┌──

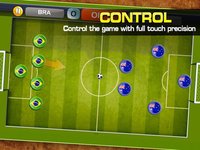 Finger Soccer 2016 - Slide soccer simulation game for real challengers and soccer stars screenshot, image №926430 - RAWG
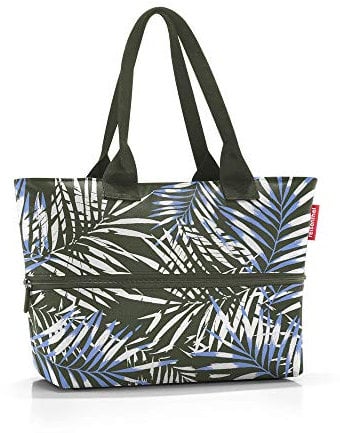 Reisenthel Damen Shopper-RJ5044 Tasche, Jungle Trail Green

└──
┌──

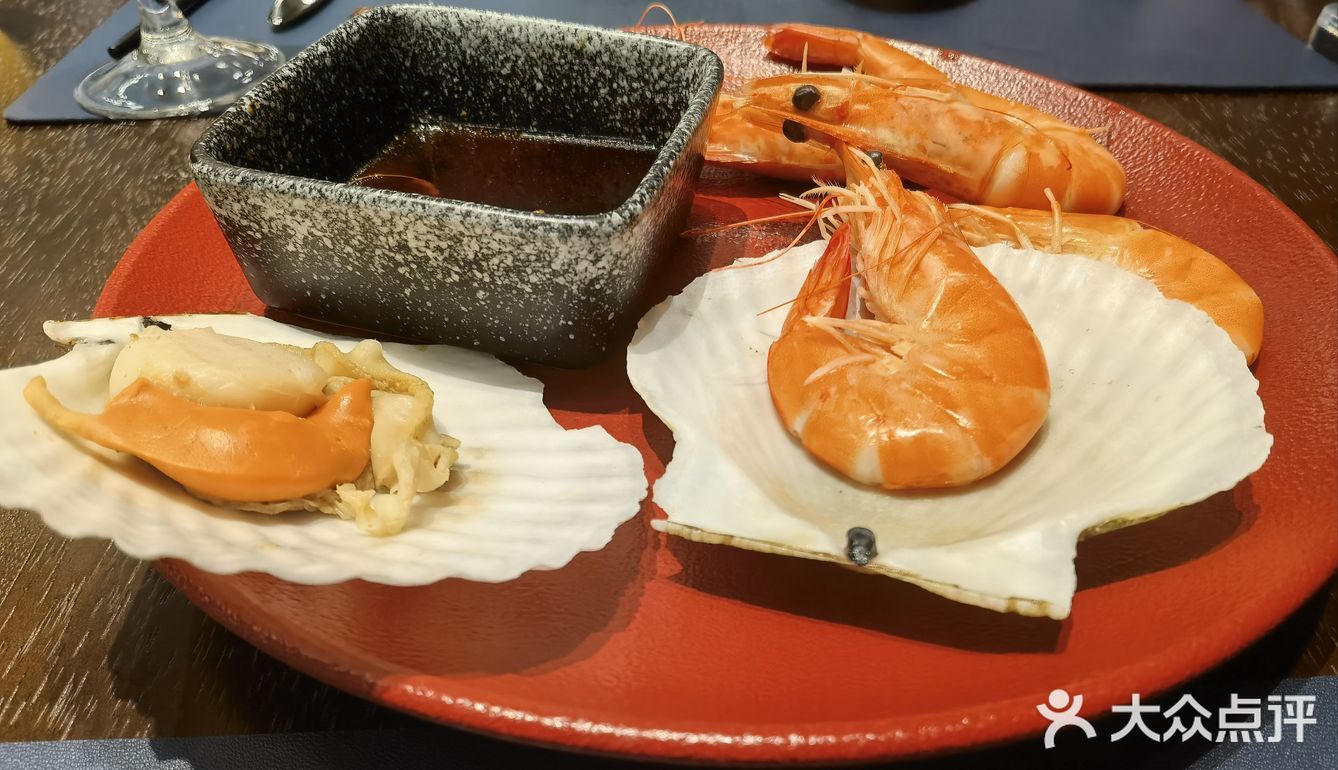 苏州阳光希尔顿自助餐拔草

└──

_Task item_
In the data above, take the line with "Finger Soccer 2016", the line with "Reisenthel Damen Shopper-RJ5044", and every line between, and set them down exactly without pictures.

_Task output_
 Finger Soccer 2016 - Slide soccer simulation game for real challengers and soccer stars screenshot, image №926430 - RAWG
 Reisenthel Damen Shopper-RJ5044 Tasche, Jungle Trail Green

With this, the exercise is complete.